PHL vehicle sales growth slows in March

Vehicles are stuck in traffic along Roxas Boulevard in Manila. — Photo by Edd Gumban, The Philippine Star

By Justine Irish D. Tabile, Reporter

PHILIPPINE AUTOMOTIVE sales rose by 1.6% to 37,474 units in March, the slowest in over two years amid elevated interest rates, an industry report showed.

A joint report by the Chamber of Automotive Manufacturers of the Philippines, Inc. (CAMPI) and Truck Manufacturers Association (TMA) showed that car sales went up from 36,880 units a year earlier.

This was the slowest sales growth since the 7.3% decline in February 2022.

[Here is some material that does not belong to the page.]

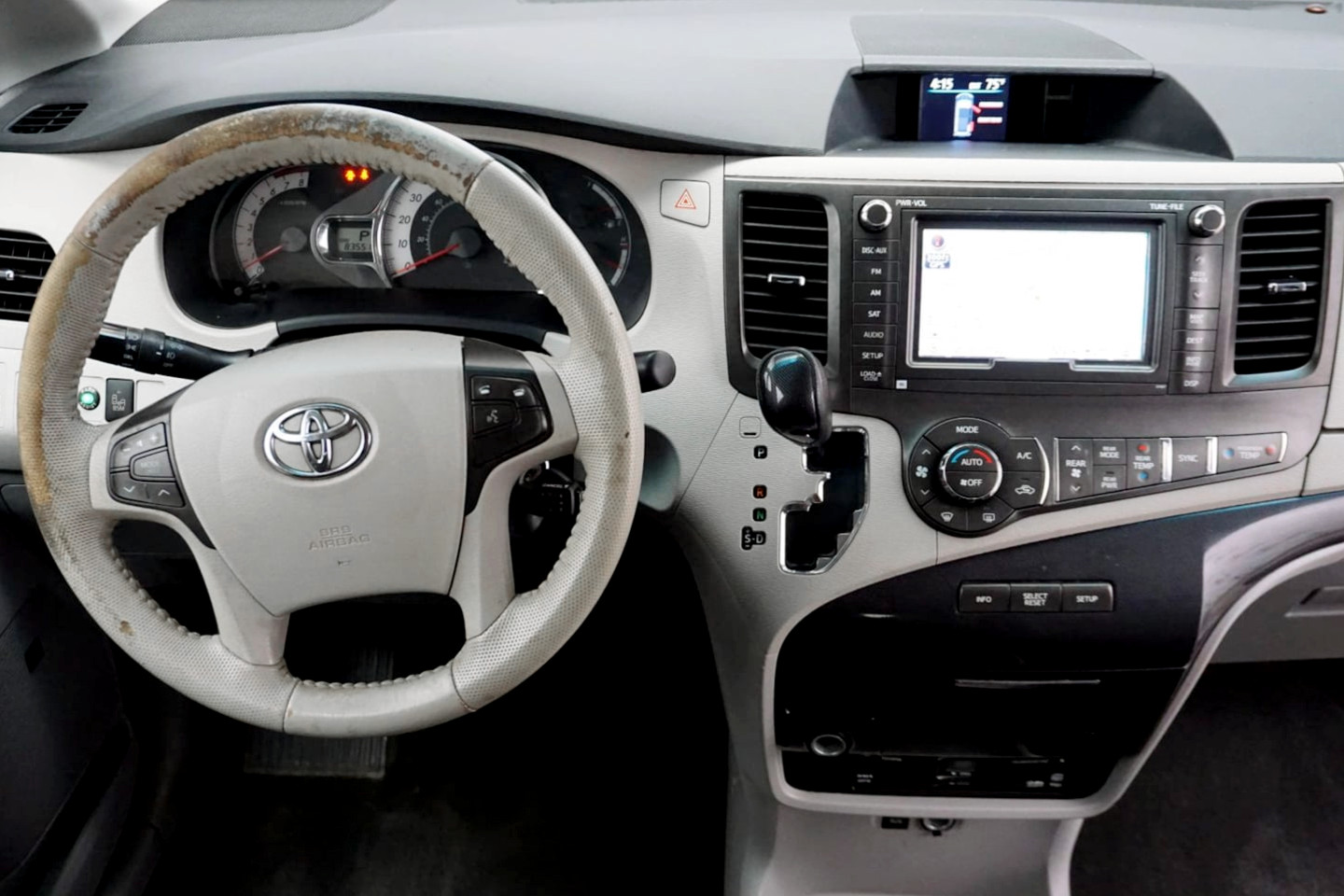 2014 Toyota Sienna SE - Photo 22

Month on month, sales declined by 1.6% from 38,072 units in February.

Commercial vehicles continued to drive the industry’s performance in March, as sales went up by 2% to 27,347 units from a year earlier. They accounted for 73% of the total sales.

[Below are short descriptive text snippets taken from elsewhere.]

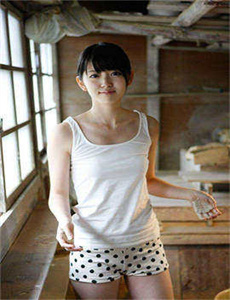 《浴室里强摁做开腿呻吟H视频-波多野结衣的巨乳教师》
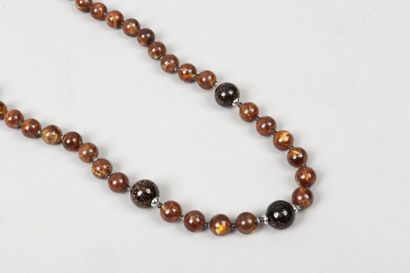 Yves SAINT LAURENT 
Sautoir composé de perles...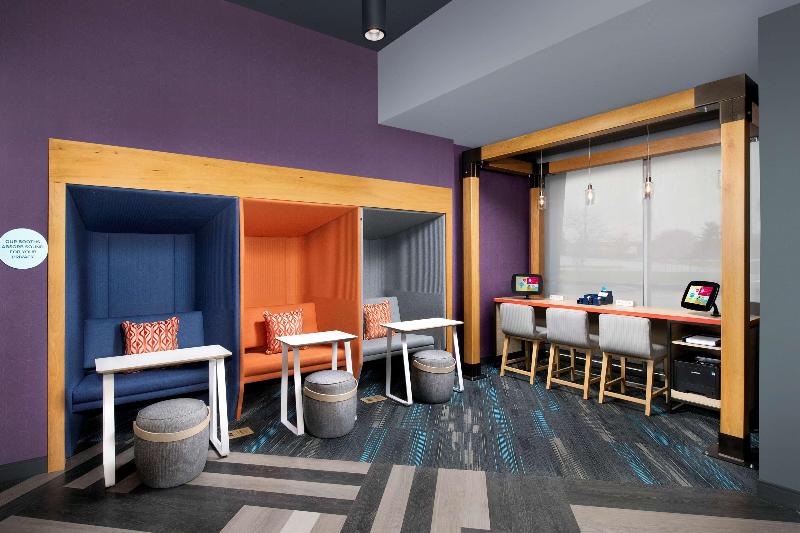 Tru by Hilton Tallahassee Central image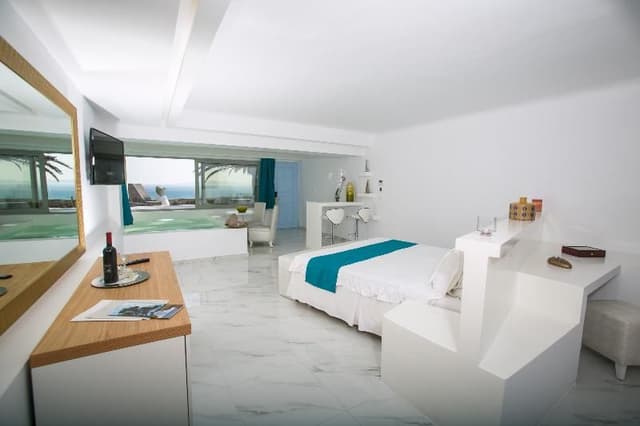 SUITE WITH JACUZZI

However, sales of commercial vehicles declined by 3.8% from a month earlier.

Asian utility vehicle (AUV) sales rose by 23.4% to 6,421, the only commercial vehicle segment that posted annual growth. Month on month, AUV sales inched up by 1%.

Light commercial vehicle sales slipped by 2.6% to 20,101, while sales of light trucks fell by 1.3% to 447. Sales of medium trucks dropped by 17.8% to 333 units, while heavy truck sales plunged by 61.5% to 45.

Month on month sales of light commercial vehicles, light and heavy trucks also fell by 5.3%, 13.4% and 26.2%, respectively.

On the other hand, sales of medium trucks grew by 27.6% month on month.

In March, passenger car sales inched up by 0.7% to 10,127 units from a year ago. Month on month, sales of passenger cars went up by 5.1%.

Rizal Commercial Banking Corp. Chief Economist Michael L. Ricafort said the slower year-on-year growth was due to higher base effects.

“The slower year-on-year growth in vehicle sales at low single-digit levels was due to higher base or denominator effects,” Mr. Ricafort said.

“Higher inflation and interest rates that increased borrowing and financing costs, including for auto loans, also started to slow demand,” he added.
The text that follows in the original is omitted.